Me atrevo a sumarle un elogio que puede devenir
incómodo. De los nombres de su generación, de la posibilidad literaria de
quienes integran su estirpe, acaso sea él, entre todos, el autor con el que más
provecho se puede debatir. Debatir: no discutir provocativamente: eso es
territorio de Piñera. La lectura de “Lo cubano en la poesía” arrancará, en el
lector no ingenuo, estados de ánimo capaces de extender esas páginas hasta las
interrogantes que el poeta cubano aún no responde, o demora en articular bajo
circunstancias diferentes a las de aquel 1957 para encontrar otro espejo.

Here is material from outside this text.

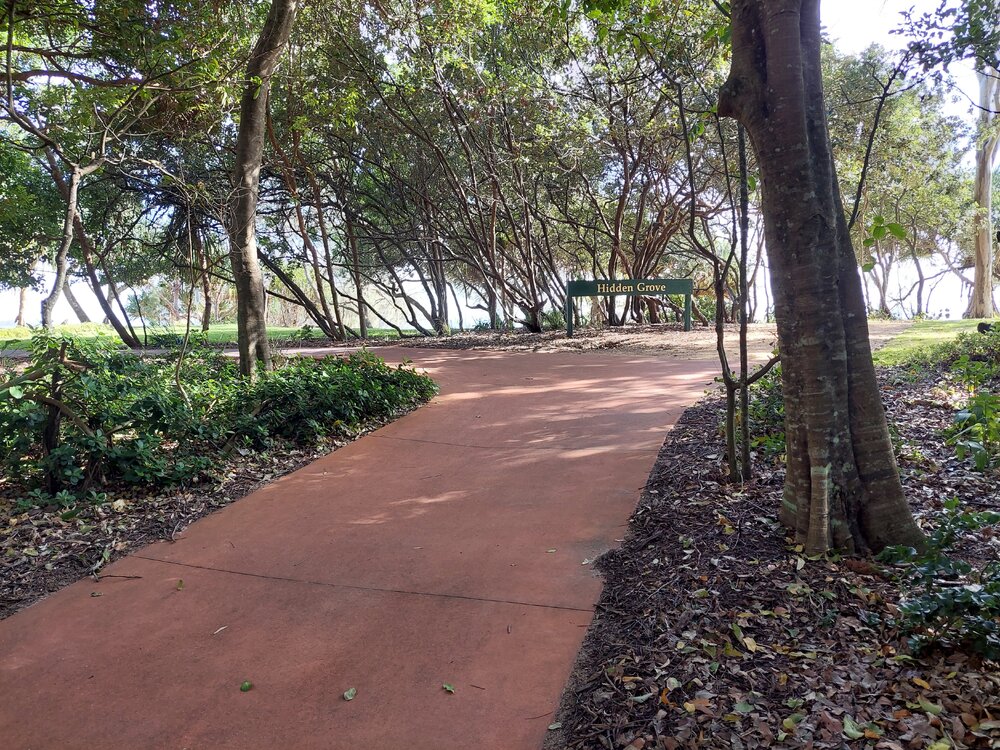 Hidden Grove, Noosa Main Beach, Noosa Heads, 17 March 2025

Admiradores o quejosos de su cartografía, estamos condenados a tenerlo en
cuenta, así sea para rebatirle sus excesos. Eso hará de este hombre un clásico,
al menos dentro del mapa que él mismo profetizó. Hoy, resulta arduo creer que
"la poesía va iluminando al país". Y su poesía, al menos para mí, se
demora en ofrecerme fragmentos que pueda recordar amablemente. Me excuso para
no opinar sobre sus novelas: puede hallarse en la literatura cubana ejemplos
más evidentes del aburrimiento que puede ser, para algunos, la biografía
disfrazada de fábula trascendente. Una mano ávida hurgará en las diferencias
que tuvo con sus amigos de generación (el mito de la amistad inquebrantable con
Lezama tiene altas y bajas: en el último número de “Espuela de plata”,
recuérdese, ya Cinthio Vitier no aparece entre "los que aconsejan"),
para calibrar las humanidades que a ratos se nos esconden en el sopor de tanta
espiritualidad. Y tendremos, también, que reconocerlo en el pontífice que
organizó un culto lezamiano, de tal poderío que no pocos, aún hoy, creen ver y
entender al Maestro a través de esos ojos.